### About this exercise:
Write every line below out again exactly, images omitted.

### Data section:
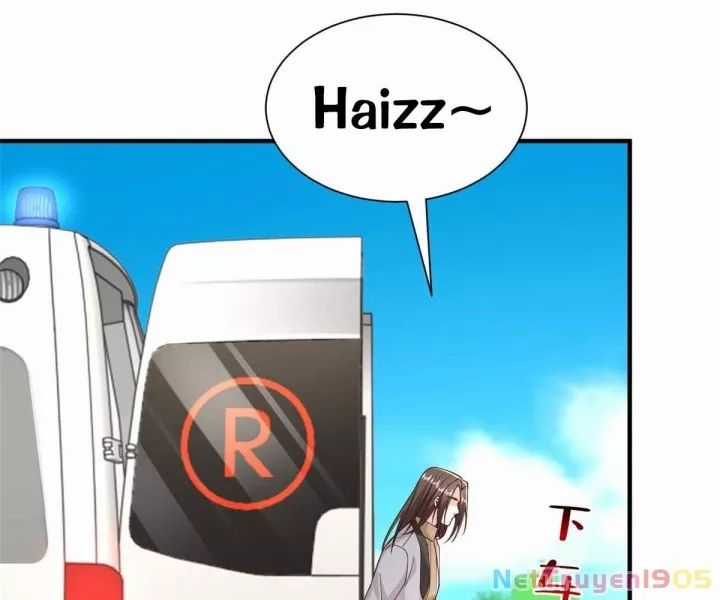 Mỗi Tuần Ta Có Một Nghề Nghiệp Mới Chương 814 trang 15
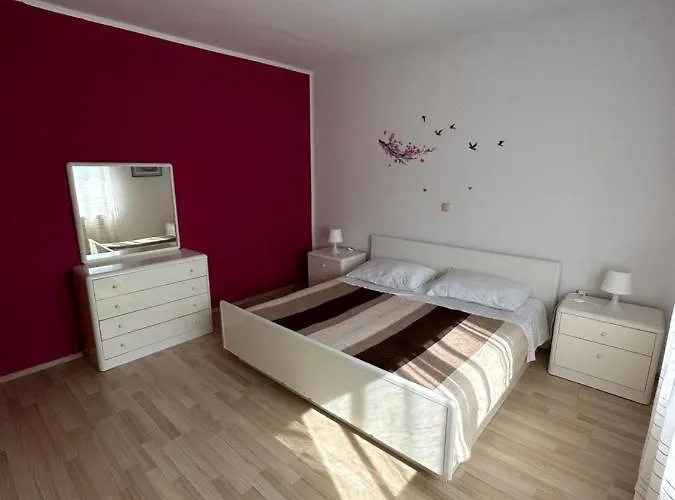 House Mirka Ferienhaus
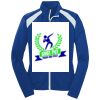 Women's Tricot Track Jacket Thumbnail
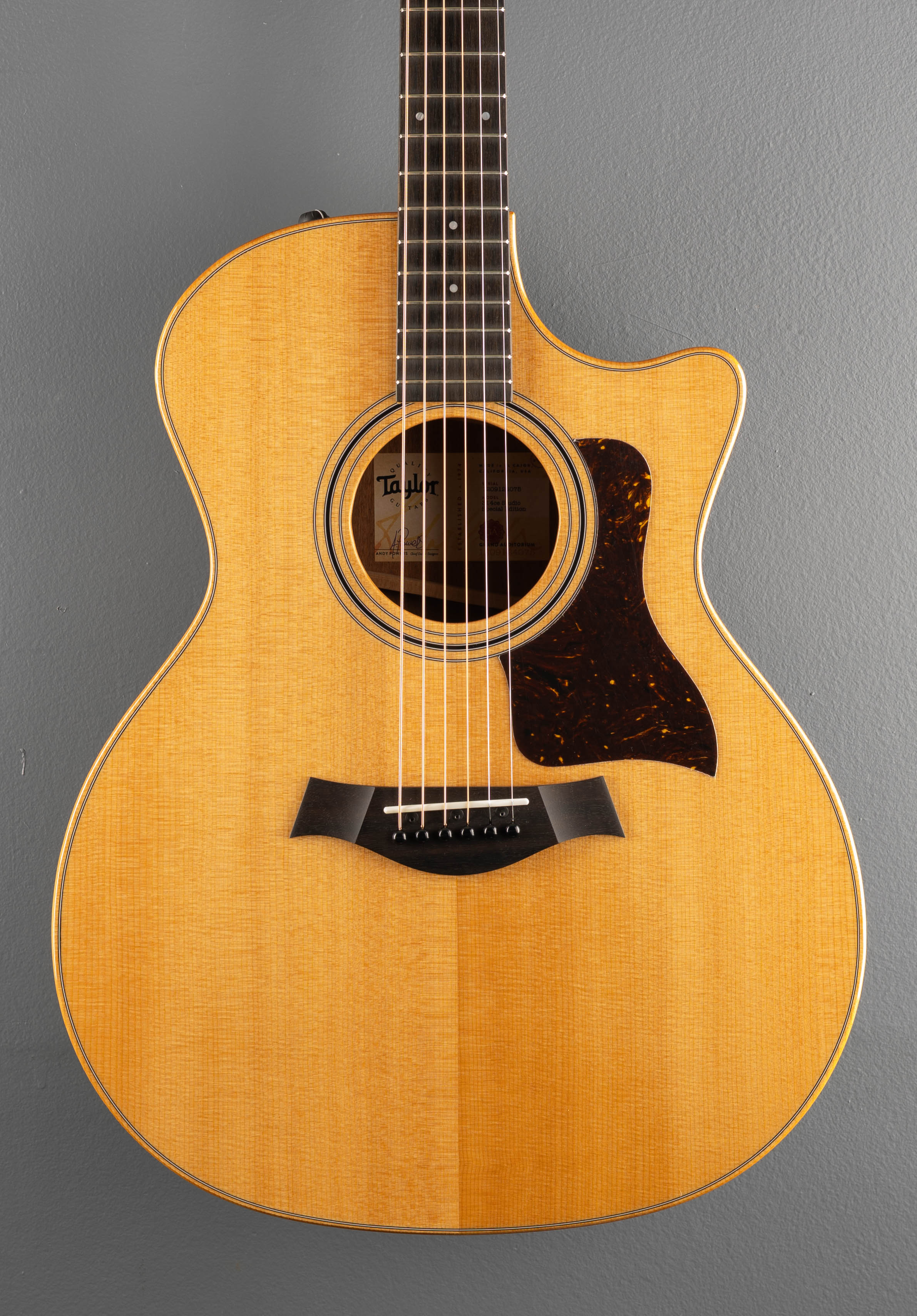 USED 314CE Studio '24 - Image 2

### Answer for this exercise:
 Mỗi Tuần Ta Có Một Nghề Nghiệp Mới Chương 814 trang 15
 House Mirka Ferienhaus
 Women's Tricot Track Jacket Thumbnail
 USED 314CE Studio '24 - Image 2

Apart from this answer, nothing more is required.